*** Exercise data ***
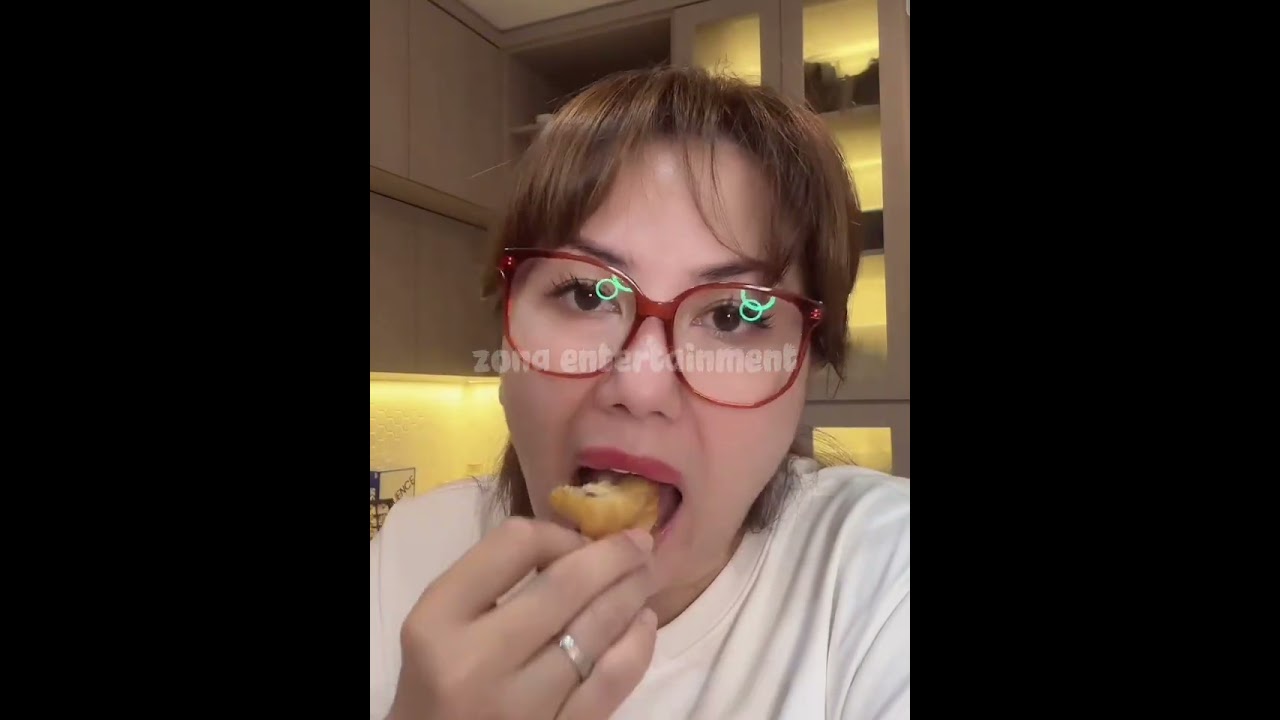 🔴PANIK✅RELA LEPASKAN INARA RUSLI, INSANUL FAHMI KETAKUTAN KARENA LAPORAN MAWA TERUS LANJUT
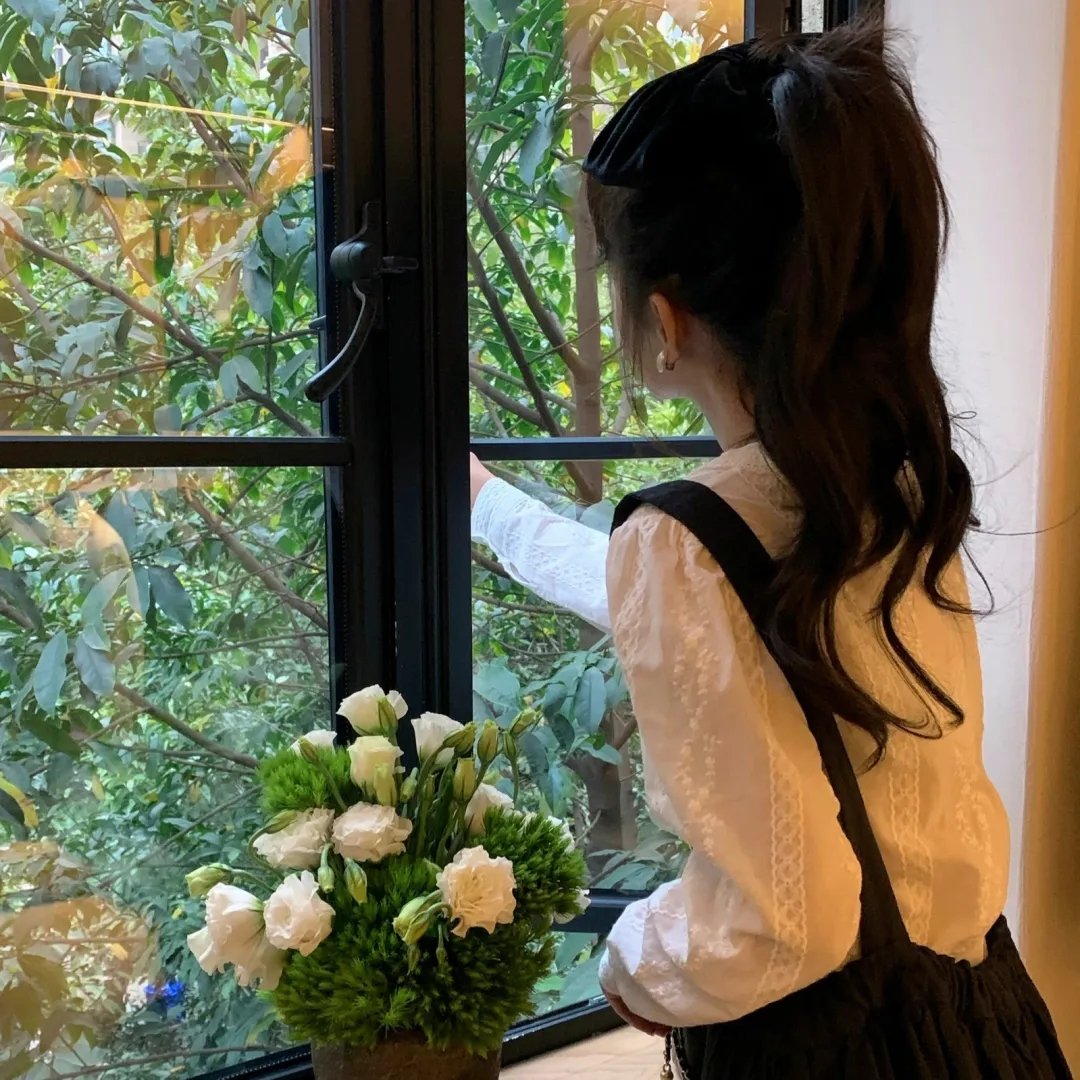 乡村爱情12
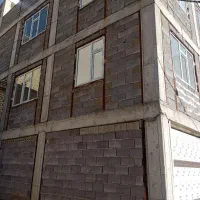 فروش یامعاوضه باآپارتمان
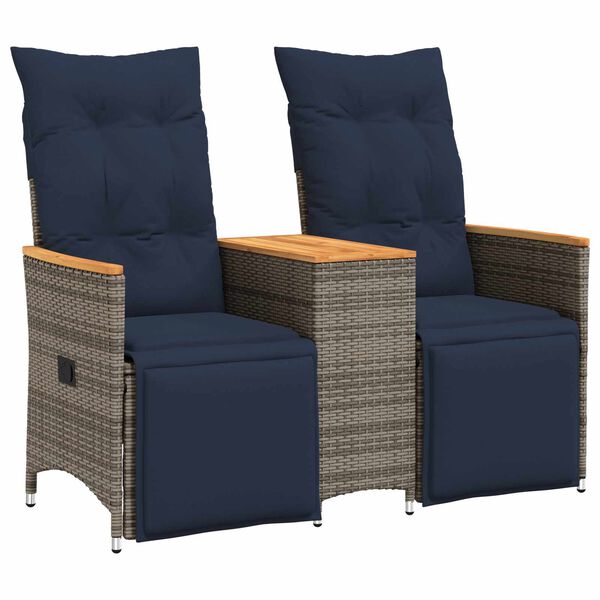 Showing Product Image 2 of 11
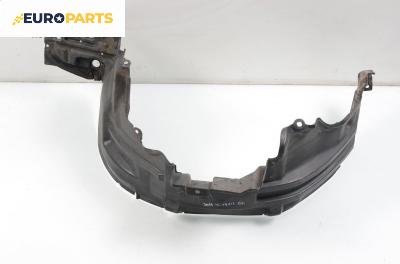 Подкалник за Nissan X-Trail I SUV (06.2001 - 01.2013), позиция: предна, лява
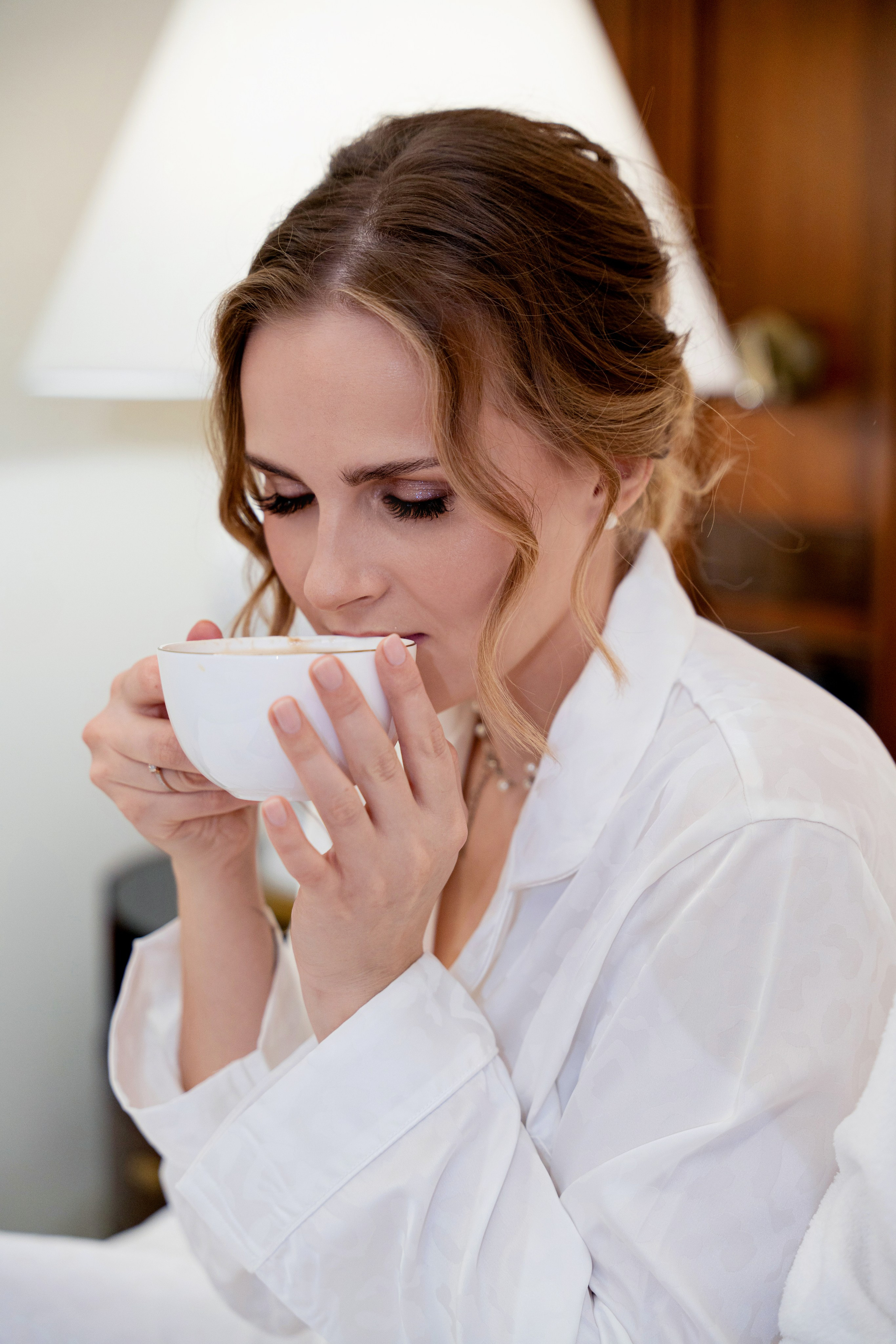 УТРО ЖЕНИХА И НЕВЕСТЫ. Фотограф на любое мероприятие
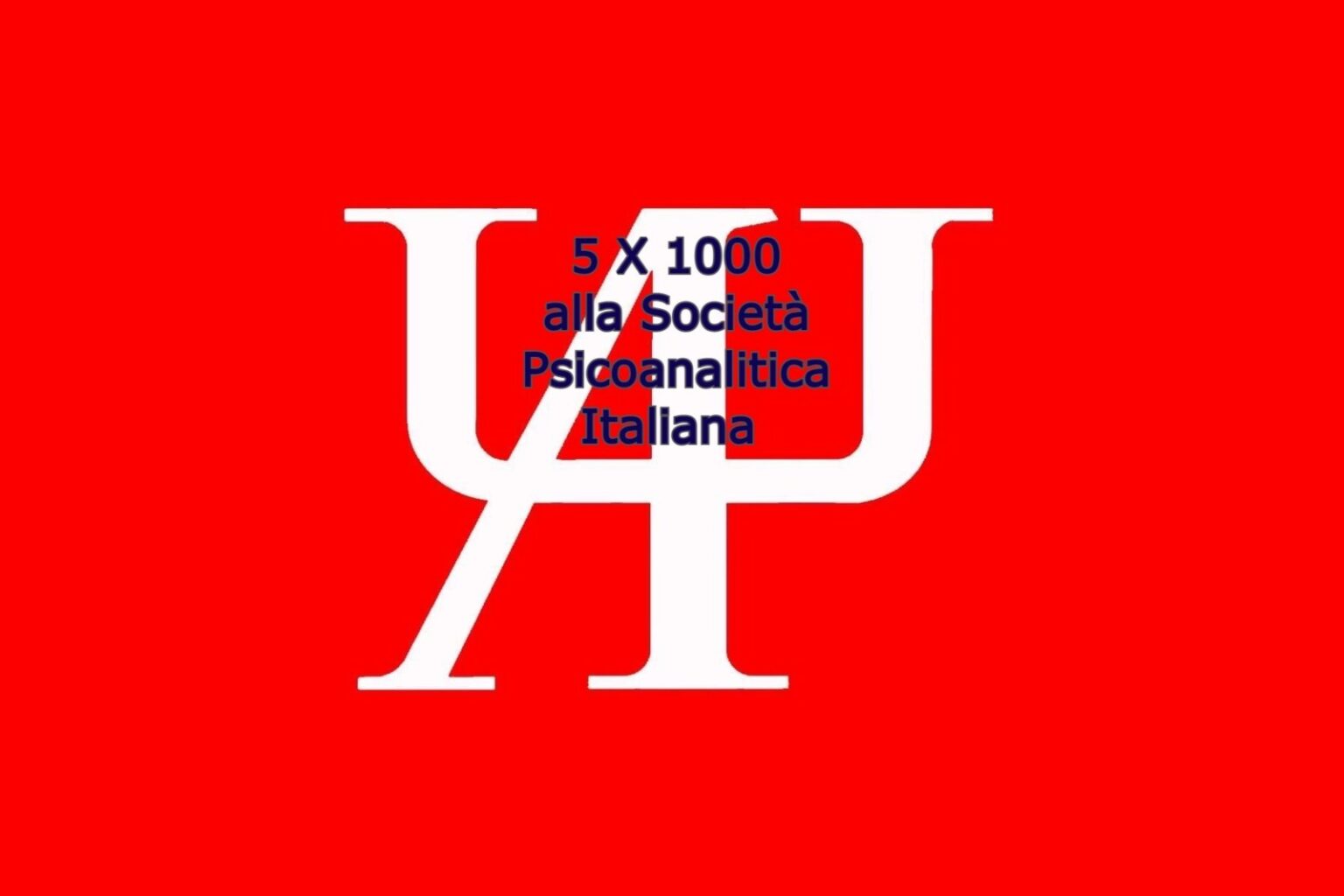 5 X 1000 1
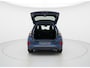 Ford Puma 1.0 EcoBoost Hybrid ST-Line NAVI - STOELVERWARMING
*** End of Exercise data ***
■ **Exercise requirements**:
In your copy, leave out the pictures and reproduce the material above exactly.

■ **Exercise output**:
 🔴PANIK✅RELA LEPASKAN INARA RUSLI, INSANUL FAHMI KETAKUTAN KARENA LAPORAN MAWA TERUS LANJUT
 乡村爱情12
 فروش یامعاوضه باآپارتمان
 Showing Product Image 2 of 11
 Подкалник за Nissan X-Trail I SUV (06.2001 - 01.2013), позиция: предна, лява
 УТРО ЖЕНИХА И НЕВЕСТЫ. Фотограф на любое мероприятие
 5 X 1000 1
 Ford Puma 1.0 EcoBoost Hybrid ST-Line NAVI - STOELVERWARMING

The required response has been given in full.